**Your objective**
Every line below needs to be transcribed without alteration, and no image may be carried over.

**Provided data**
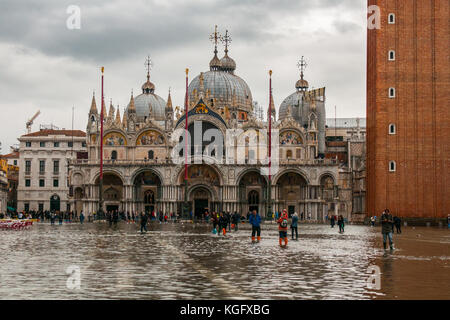 Venice, Italy. 07th November, 2017. Tourists walk in the water in St Mark square during an high tide on November 7, 2017 in Venice, Italy. Stock Photo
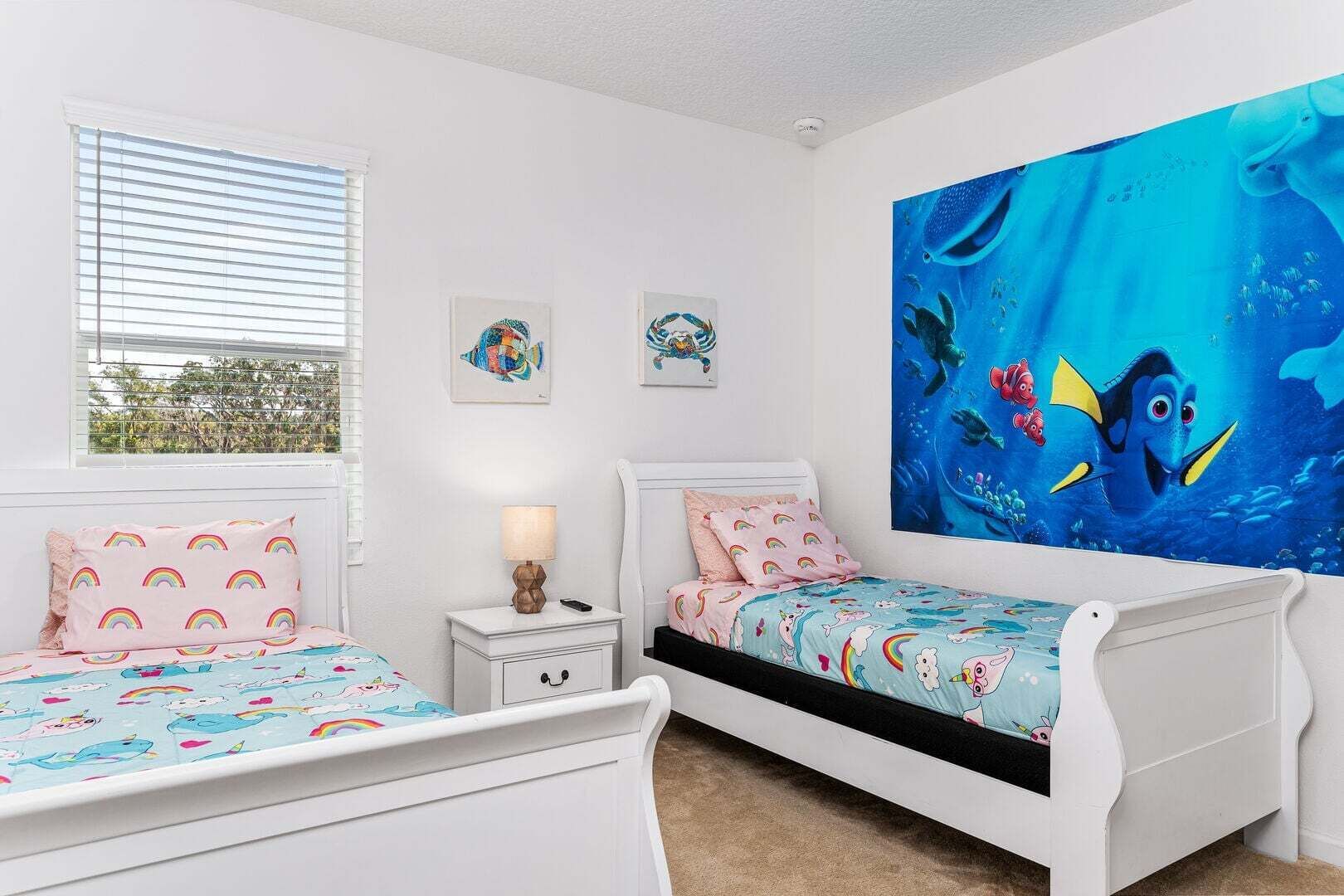A bedroom with two beds, a window with blinds, a nightstand with a lamp, and a large wall mural.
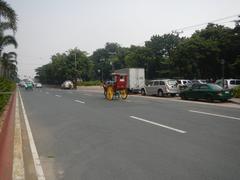 View of Kalaw Avenue, Luneta Hotel, Eton Baywalk Manila, Rizal Park, and Ermita district along Manila Bay near Roxas Boulevard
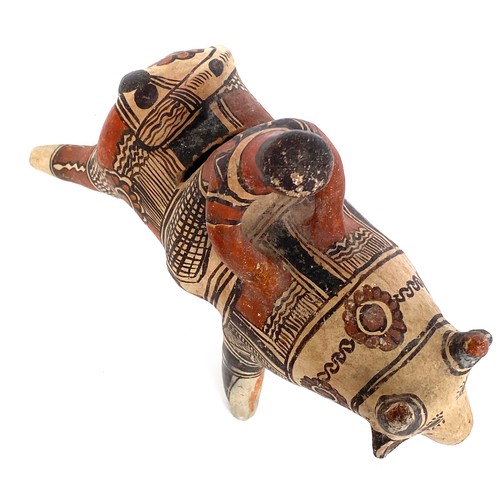 276 - A Mexican folk art terracotta figure of bull and rider, 22cmH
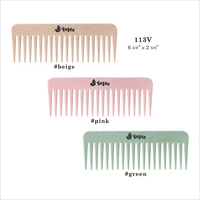 Brosse à cheveux ovale grande taille vegan avec embouts ornés de pierres, poils en nylon, matériaux plastique et TPO pour démêler et prendre soin des cheveux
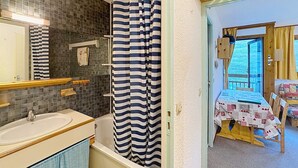 Une salle de bain avec une baignoire, un lavabo et un rideau de douche.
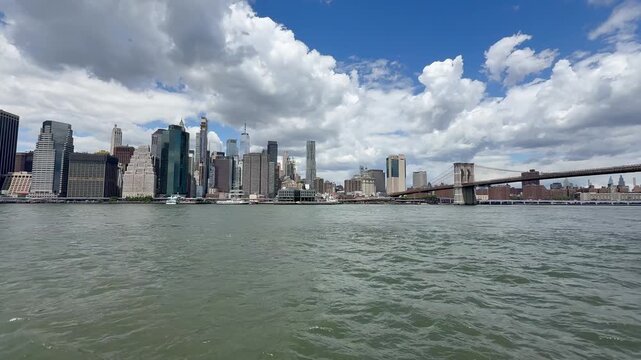 Panoramic, scenic view of Lower Manhattan skyline and Brooklyn Bridge. Motion of cars traffic on FDR drive. Financial district. Motion of East River waves. New York City, United States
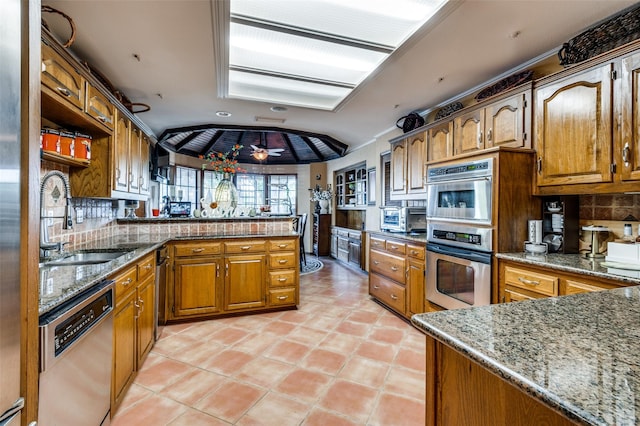 kitchen with sink, appliances with stainless steel finishes, kitchen peninsula, stone counters, and backsplash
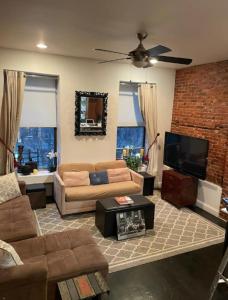 a living room with a couch and a flat screen tv at Fab 3 Bedroom 1Bath Apartment in NYC! in New York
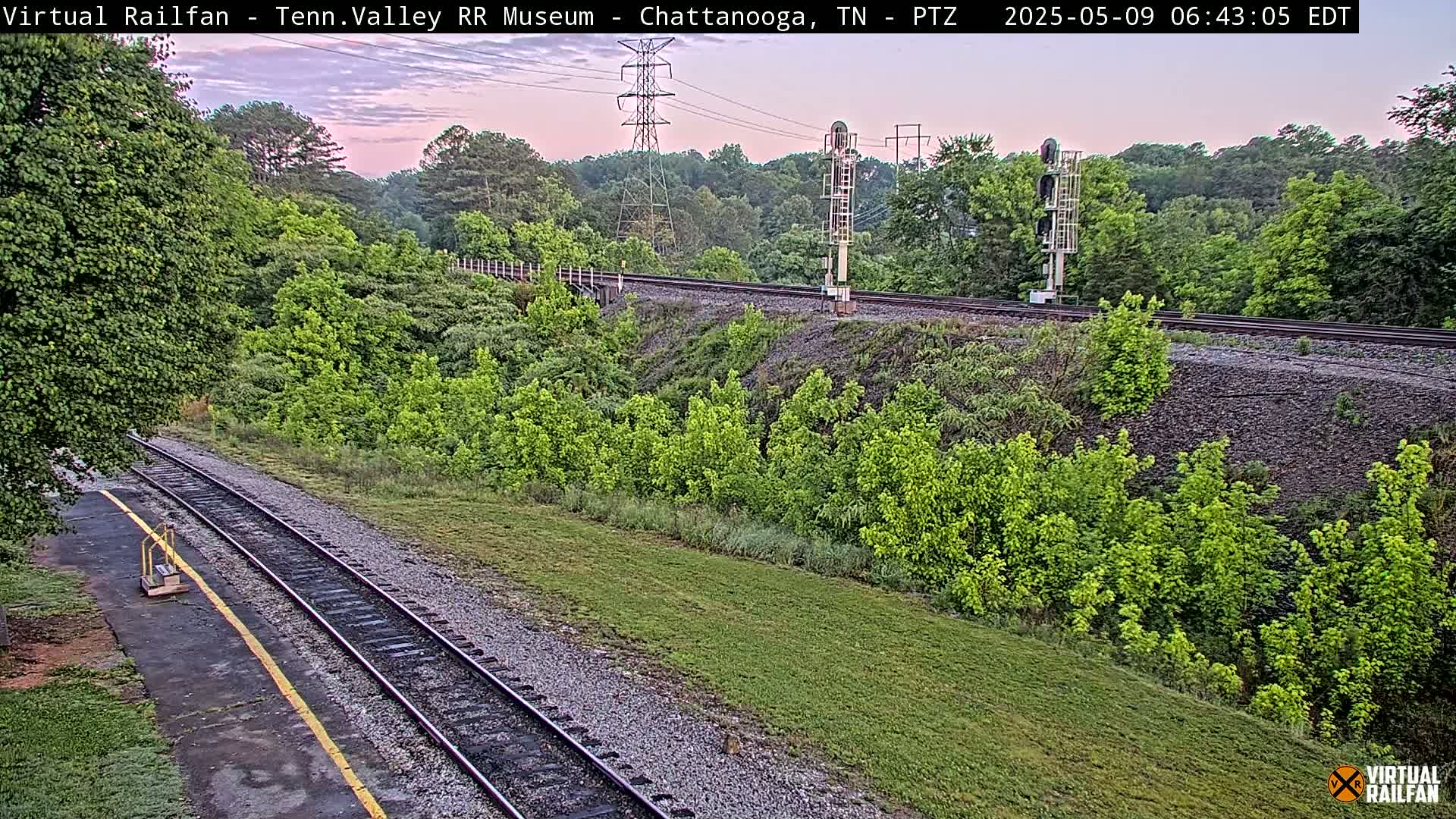 A railroad track winds through a lush green landscape under a pale pink and dusky sky.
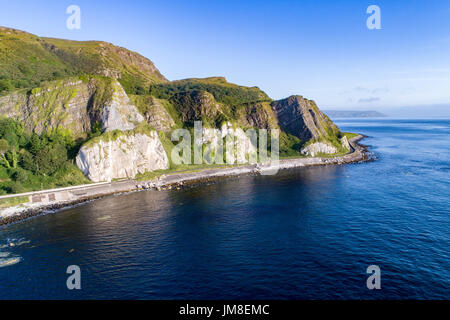 La côte orientale de l'Irlande du Nord avec des falaises et route côtière d'Antrim, alias Causeway Route Côtière. Vue aérienne au lever du soleil Banque D'Images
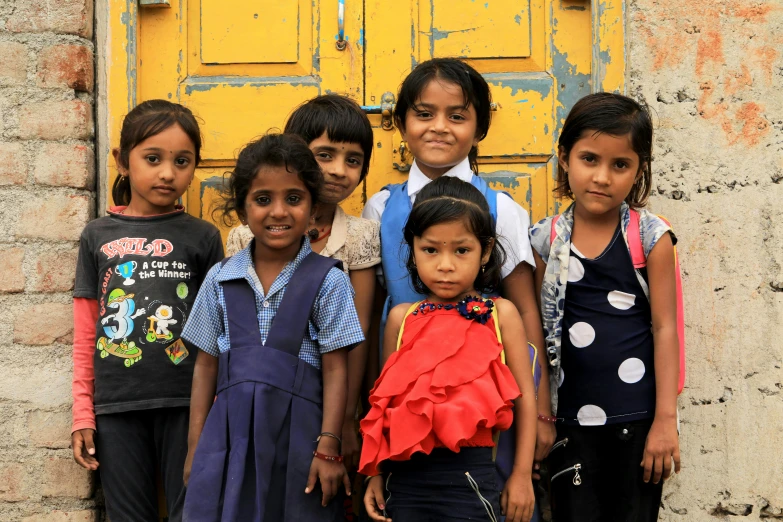 a group of children standing next to each other in front of a yellow door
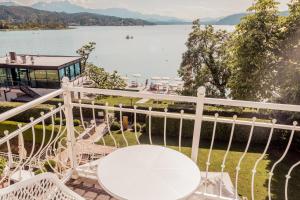 a balcony with a view of the water at Seehotel Dr. Jilly in Pörtschach am Wörthersee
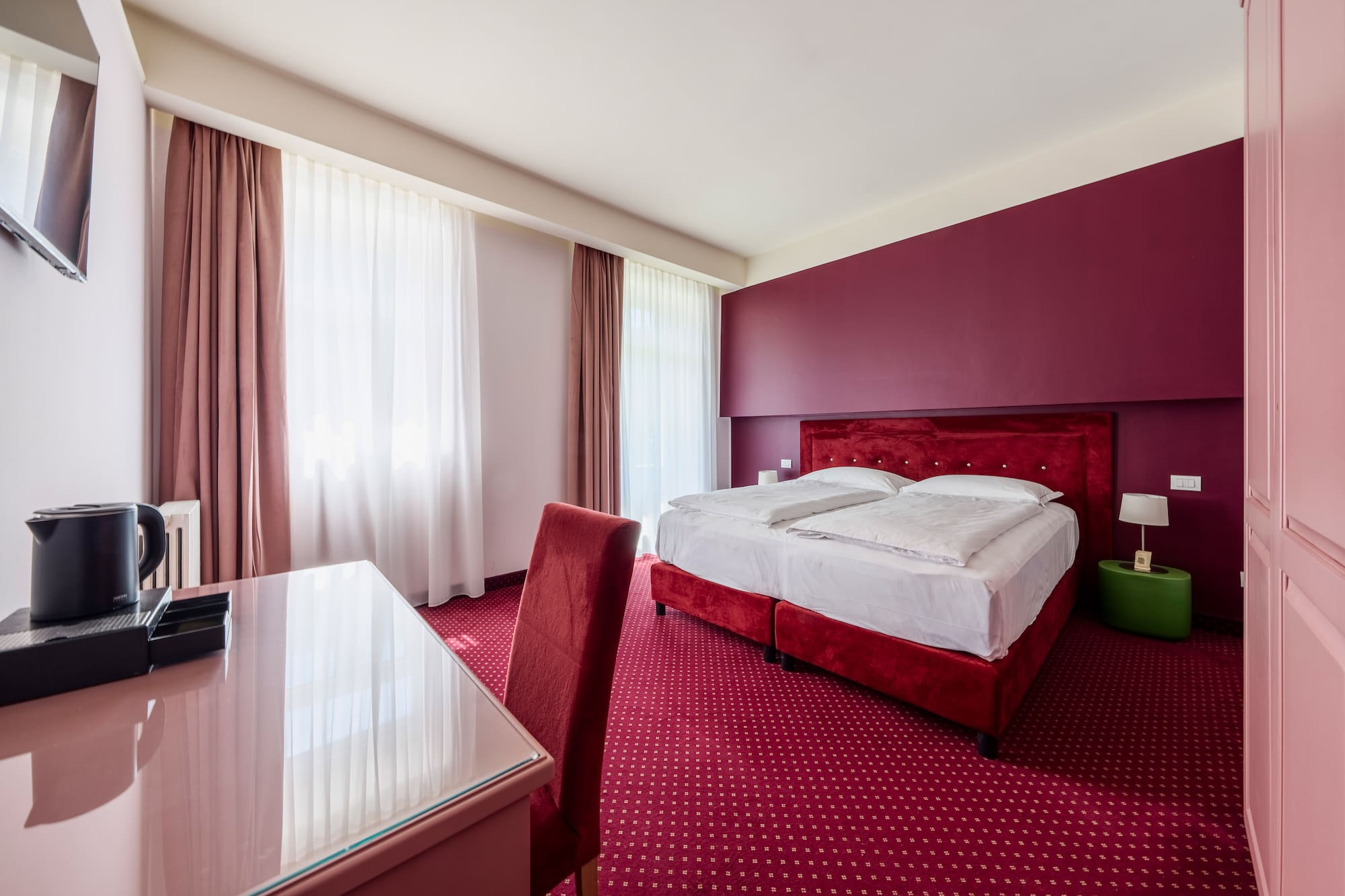 Modern hotel bedroom with red bed, patterned carpet, accent wall, and desk.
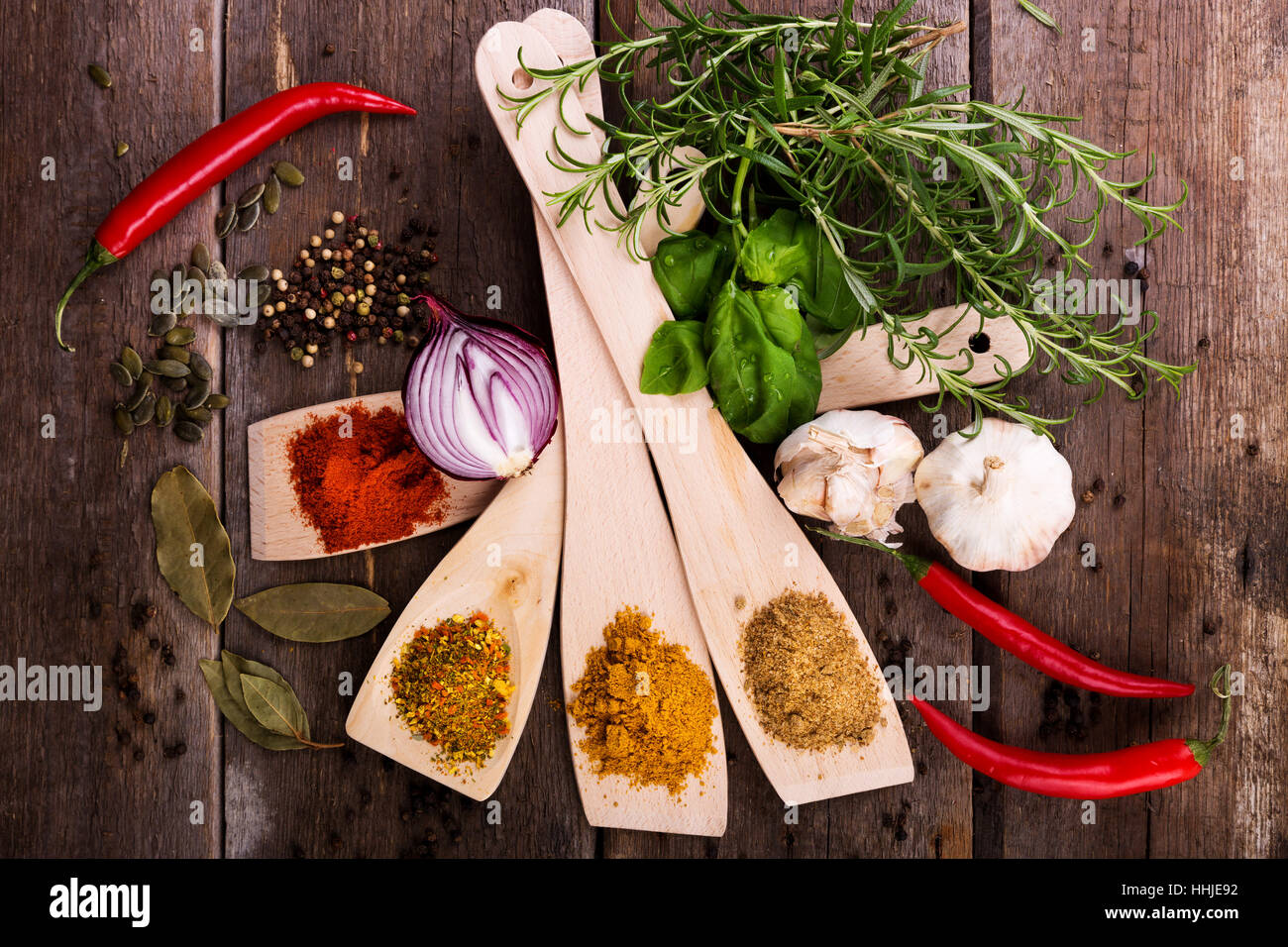 herbs and spices on old wooden background. top view Stock Photo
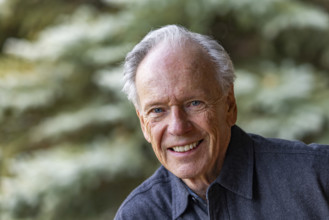 Portrait of smiling senior man outdoors, Bellevue, Idaho, USA.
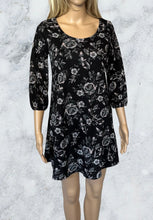 Load image into Gallery viewer, Black floral lined dress with criss cross back
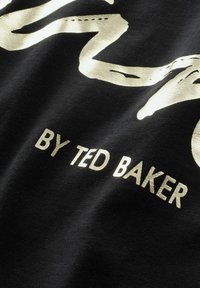 Melnā auduma materiāls ar zelta metālisku grafisko dizainu un tekstu "BY TED BAKER" treknrakstā, uzsverot gludu tekstūru.
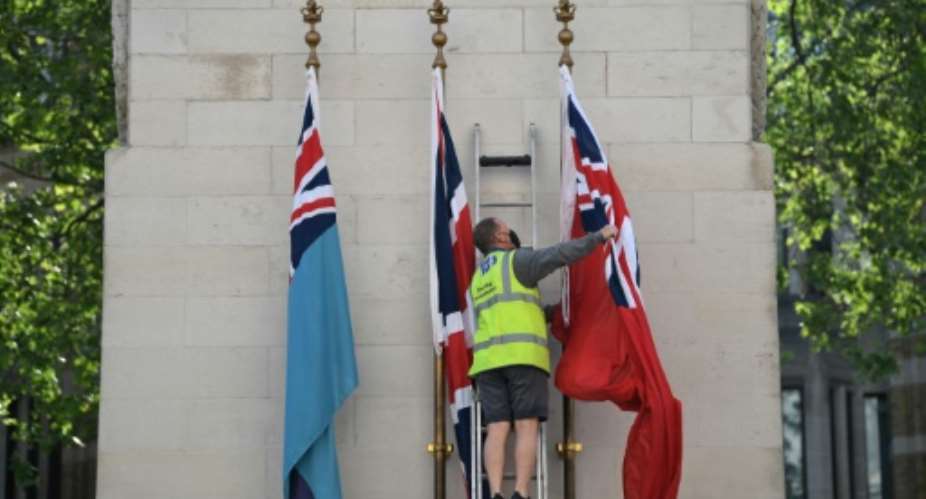 The flag of the Royal Air Force, Union Flag and the flag of Merchant Navy are raised on the Cenotaph war memorial in Whitehall, London.  By DANIEL LEAL-OLIVAS AFP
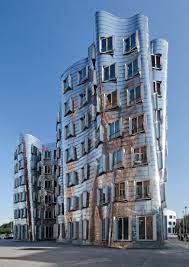 The new zollhof is part of düsseldorf's media harbour, designed by renowned architects such as frank o. Neuer Zollhof Lummel Metal Aesthetics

**Response box**
 Venice, Italy. 07th November, 2017. Tourists walk in the water in St Mark square during an high tide on November 7, 2017 in Venice, Italy. Stock Photo
A bedroom with two beds, a window with blinds, a nightstand with a lamp, and a large wall mural.
 View of Kalaw Avenue, Luneta Hotel, Eton Baywalk Manila, Rizal Park, and Ermita district along Manila Bay near Roxas Boulevard
 276 - A Mexican folk art terracotta figure of bull and rider, 22cmH
 Brosse à cheveux ovale grande taille vegan avec embouts ornés de pierres, poils en nylon, matériaux plastique et TPO pour démêler et prendre soin des cheveux
 Une salle de bain avec une baignoire, un lavabo et un rideau de douche.
 Panoramic, scenic view of Lower Manhattan skyline and Brooklyn Bridge. Motion of cars traffic on FDR drive. Financial district. Motion of East River waves. New York City, United States
 kitchen with sink, appliances with stainless steel finishes, kitchen peninsula, stone counters, and backsplash
 a living room with a couch and a flat screen tv at Fab 3 Bedroom 1Bath Apartment in NYC! in New York
 A railroad track winds through a lush green landscape under a pale pink and dusky sky.
 La côte orientale de l'Irlande du Nord avec des falaises et route côtière d'Antrim, alias Causeway Route Côtière. Vue aérienne au lever du soleil Banque D'Images
 a group of children standing next to each other in front of a yellow door
 a balcony with a view of the water at Seehotel Dr. Jilly in Pörtschach am Wörthersee
 Modern hotel bedroom with red bed, patterned carpet, accent wall, and desk.
 herbs and spices on old wooden background. top view Stock Photo
 Portrait of smiling senior man outdoors, Bellevue, Idaho, USA.
 Load image into Gallery viewer, Black floral lined dress with criss cross back
 Melnā auduma materiāls ar zelta metālisku grafisko dizainu un tekstu "BY TED BAKER" treknrakstā, uzsverot gludu tekstūru.
 The flag of the Royal Air Force, Union Flag and the flag of Merchant Navy are raised on the Cenotaph war memorial in Whitehall, London.  By DANIEL LEAL-OLIVAS AFP
 The new zollhof is part of düsseldorf's media harbour, designed by renowned architects such as frank o. Neuer Zollhof Lummel Metal Aesthetics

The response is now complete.